# You May Be Preppers If.....



## HamiltonFelix (Oct 11, 2011)

Haven't been here in a while, thought we could have some fun. I always enjoyed Foxworthy's "You may be a ******* if..." mainly because I have lived or seen many of those. 

The media has demonized the term "survivalist." If some guy shoots a couple of cops and runs into the woods, he's instantly a "ssurvivalisst" (hiss a bit and make it sound evil). So we are preppers. 

You may be preppers if...

...your pantry is bigger than your kitchen and has its own shopping cart. (OK, it's a short cart and she found it by the road).


----------



## Grimm (Sep 5, 2012)

You may be a prepper if you open your car trunk to stow your groceries and it looks like you are going on a long camping trip.


----------



## HamiltonFelix (Oct 11, 2011)

I know that one! GHB backpack, axe, shovel, box of gear, gas can, etc..... 

You may be preppers if.... you know she's wearing one, so you ask your wife why there's a matching gun in her purse, along with enough ammo and spare cutlery to make it hard to lift, and she smiles and replies sweetly, "Two is one, and one is none..."


----------



## Sentry18 (Aug 5, 2012)

If you keep a loaded backpack and a loaded rifle in your car when you drive to the store _just in case_...you might be a prepper.

If you have more canned goods than a small town elementary school cafeteria...you might be a prepper.

If you know 7 different ways to start a fire and are still not satisfied...you might be a prepper.
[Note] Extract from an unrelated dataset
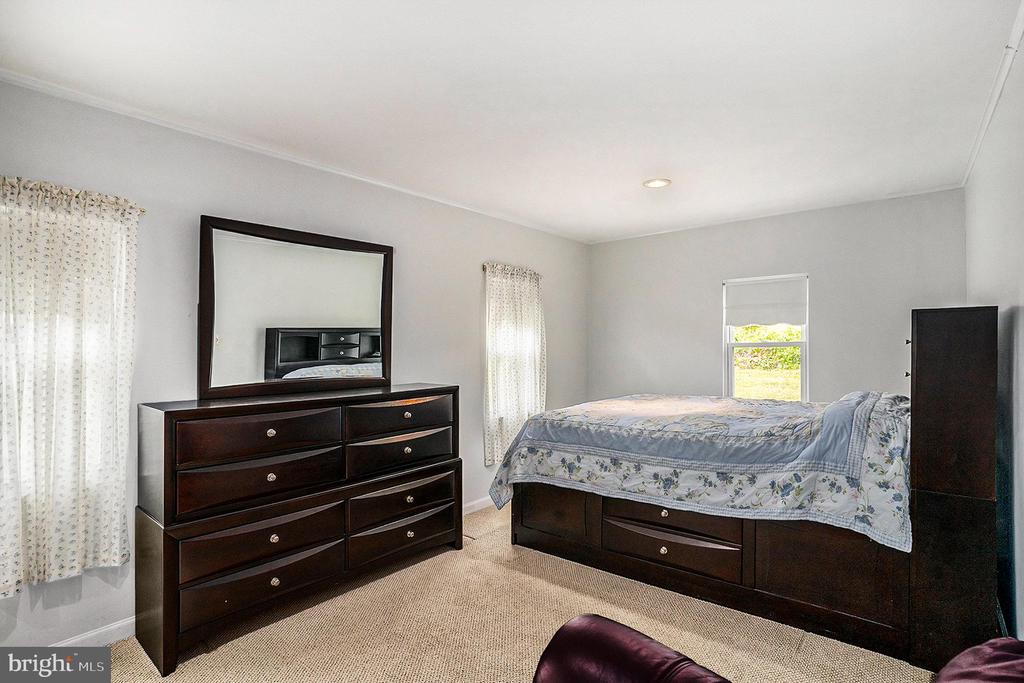 8 Chestnut Rd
If your name is on a list in a government office that is not _supposed_ to exist...you might be a prepper.

If you would never go into the woods with your cat completely unprepared...you might be a prepper.


----------



## phxrising (Jun 24, 2012)

When your neighbor comes over to borrow an egg, you give them a tablespoon of dehydrated egg powder.


----------



## HamiltonFelix (Oct 11, 2011)

You have an emergency generator for your house, and an identical backup to that... and a little old Onan in a shed, just in case....


----------



## hiwall (Jun 15, 2012)

You might be a prepper if when you open the junk drawer in the kitchen it contains 27 different flashlights and several packs of spare batteries.


----------



## FatTire (Mar 20, 2012)

Your idea of precious metals includes lead...

The power going out is relaxing not stressful...

Your book list puts you on a watch list...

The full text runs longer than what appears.